Manche Bücher haben das Pech, daß bei ihrem Entstehen die weitere gesellschaftliche Entwicklung noch nicht abzusehen ist. Als F.C. Delius „Himmelfahrt eines Staatsfeindes“ schrieb, machte noch kein faschistoider Stammtischmob Jagd auf alles, was anders aussieht. Was hat aber die Geschichte der RAF mit dem neugesamtdeutschen Hang zum Pogrom zu tun? Alles und nichts.

Alles, wenn man berücksichtigt, daß viele der früheren RAF-Mitglieder aus dem antifaschistischen Spektrum Nachkriegswestdeutschlands kamen und die RAF, wenn auch auf anderem Hintergrund, immer eine Entwicklung der BRD zum rechtsautoritären Polizeistaat prophezeit hat. Nichts, wenn man den Zusammenbruch des Realsozialismus, die Vereinigung und die soziale Deklassierung ehemaliger Helden der Arbeit als völlig neuen geschichtlichen Zeitabschnitt betrachtet.

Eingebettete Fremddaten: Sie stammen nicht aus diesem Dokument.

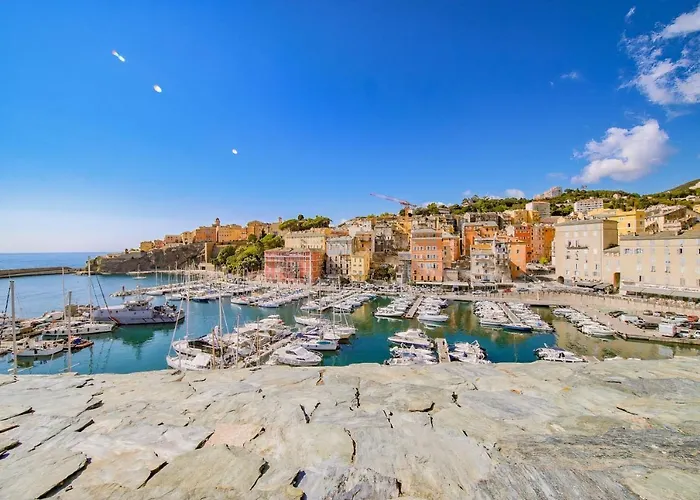 Beau T2 Sur Le Vieux Port, Centre De *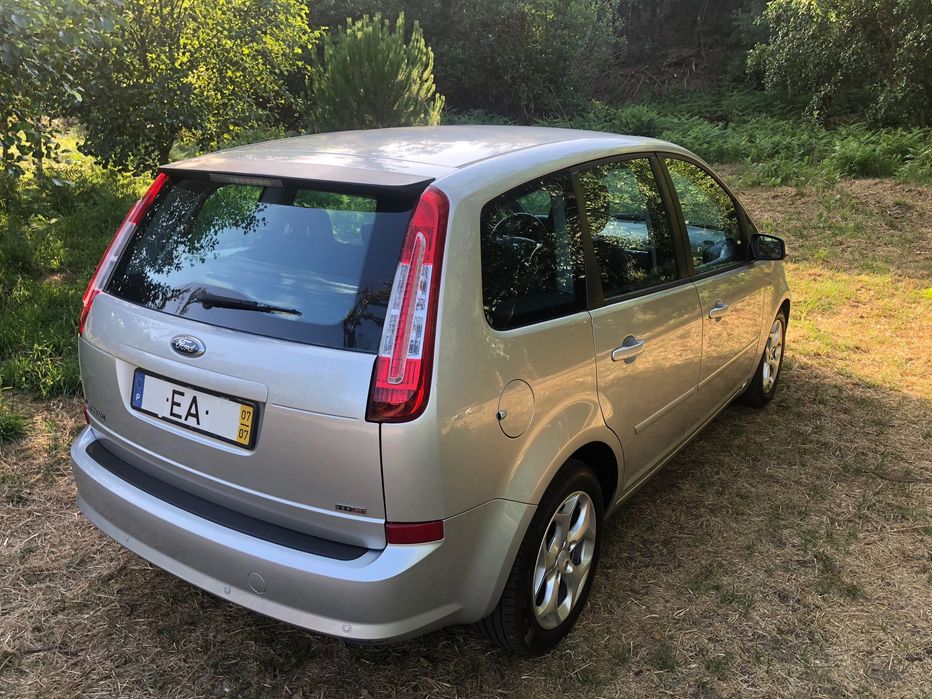 Ford C-Max — fotografia 4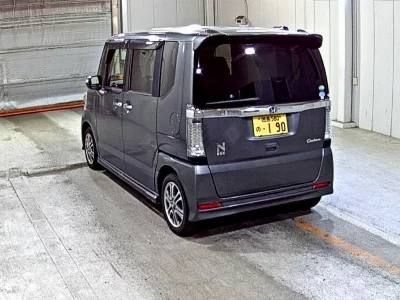 Honda N BOX CUSTOM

Eigentlich hat F.C. Delius nur aufgegriffen, was die Konfrontation der bewaffneten Avantgarde mit dem Rechtsstaat der expressdemokratisierten Väter hergab: groteske Verwerfungen, Überreaktion aus Prinzip und ideologische Verstiegenheit bis zum Wirklichkeitsverlust auf beiden Seiten. Gleichwohl, der westdeutsche Krieg der Söhne gegen die Väter kann kaum abgekoppelt von der gegenwärtigen Entwicklung betrachtet werden. Als vor über zwanzig Jahren die RAF mit der Frage antrat, ob die westdeutsche Gesellschaft mit den Mitteln des bewaffneten Kampfes zu beeinflussen und zu verändern sei, waren die meisten Kombattanten um die zwanzig Jahre alt. Diejenigen, die heute unter dem Applaus ihrer Eltern in den neuen Bundesländern mit Molotowcocktails Flüchtlingskinder verbrennen, sind oft jünger. Sie müssen im Gegensatz zu den RAFlern der ersten Generation den Eindruck haben, sich im Einklang mit der Stimmung unter den Erwachsenen Ost wie West zu befinden. Die Gegenwart ist grotesk, aber überhaupt nicht komisch.

Was F.C. Delius mit teils feingesponnenen assoziativen Gedankenbildern, teils federspitzen Analysen der Ex-BRD-Befindlichkeit entworfen hat, ist allemal lesenswert. Trotzdem steht zu vermuten, daß es einigen Lesern nicht gelingen wird, diese Form der Polemik anzunehmen. Die Gegenwart, die Gefahr eines gewaltigen wie gewalttätigen Rechtsrucks, degradiert zur Zeit manches aus der Vergangenheit zur Fußnote. So könnte „Himmelfahrt eines Staatsfeindes“ das Pech haben, ein im Ansatz bemerkenswertes Buch zu sein, das zur Unzeit erscheint. Peter-Jürgen Boock

Friedrich Christian Delius: „Himmelfahrt eines Staatsfeindes“. Roman. Rowohlt Verlag 1992, 363 Seiten, 39,80 DM.